El genio trovador de la flauta, este escocés de las letras afiladas y los ojos desorbitados, transita por los 74 años y arrastra en los últimos tiempos una salud delicada, pero ha conseguido resurgir aquí como un jefe de filas rejuvenecido y dignísimo. Su voz suena fatigada, pero no agónica, como le sucedía en las últimas giras. Y aunque reduce mucho el rango de la tesitura, para ahorrarse excursiones agudas hoy inalcanzables, logra reinventarse como un contador de historias más sereno, profundo y confesional que en los tiempos de esplendor histriónico. Es la mejor solución, y de hecho los pasajes más acústicos y sosegados, como Three loves, three o Where did Saturday go?, se disfrutan con la profundidad de las grandes obras maduras. Como si nos encontráramos ante el equivalente de las American recordings de Johnny Cash para la historia del rock progresivo.

 

Anderson, en efecto, aún no está de retirada, y esa es una constatación emocionante. La nueva alineación del quinteto incluye las primeras aportaciones de Joe Parrish-James, un guitarrista de 26 años que se perfila como la nueva gran esperanza para la renovación generacional del género. Y la gravedad serena otorga aires de obra conceptual a todo el álbum, como en los gloriosos e irrepetibles Aqualung (1971) y Thick as a brick (1972). De hecho, la dialéctica religiosa de Aqualung es el espejo más evidente para The zealot gene, que explicita la inspiración bíblica en cada uno de sus 12 capítulos. Falta, claro, aquel ingrediente arrollador que caracterizaba a la formación medio siglo atrás. Los seis minutos del inaugural Mrs Tibbets, por ejemplo, incluyen el ADN de la épica, pero terminan resultando timoratos. Y seguramente les sobren muchos de sus teclados inanes.

 

Con todo, insistimos, Zealot representa una alegría como obra en sí misma, más allá de su valor entre historiadores del rock y nostálgicos.

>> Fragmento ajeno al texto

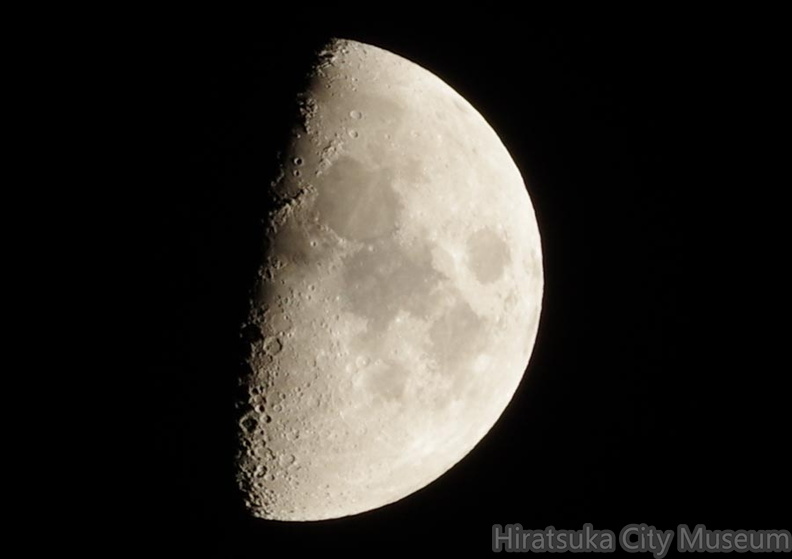 7.3日の月20201024平塚(撮影　剱持瑞穂）.jpg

En realidad, los discos de Anderson como Jethro Tull se volvieron irrelevantes, cuando no irritantes, a partir de Under wraps (1984), y solo en los últimos tiempos había dejado destellos esperanzadores con el muy irregular Thick as a brick 2 (2012) y el valiente Homo erraticus, de 2014. La canción The zealot gene, en cambio, es lo más instantáneo y vivaz que han grabado los Tull en tres décadas. Y su visión agria y devastadora sobre los populismos y totalitarismos de nuestros tiempos demuestra que Ian Scott Anderson no ha perdido el gusto por el verbo incisivo ni las ansias por ejercer de incómoda china en el zapato. Un placer abrazarle de nuevo.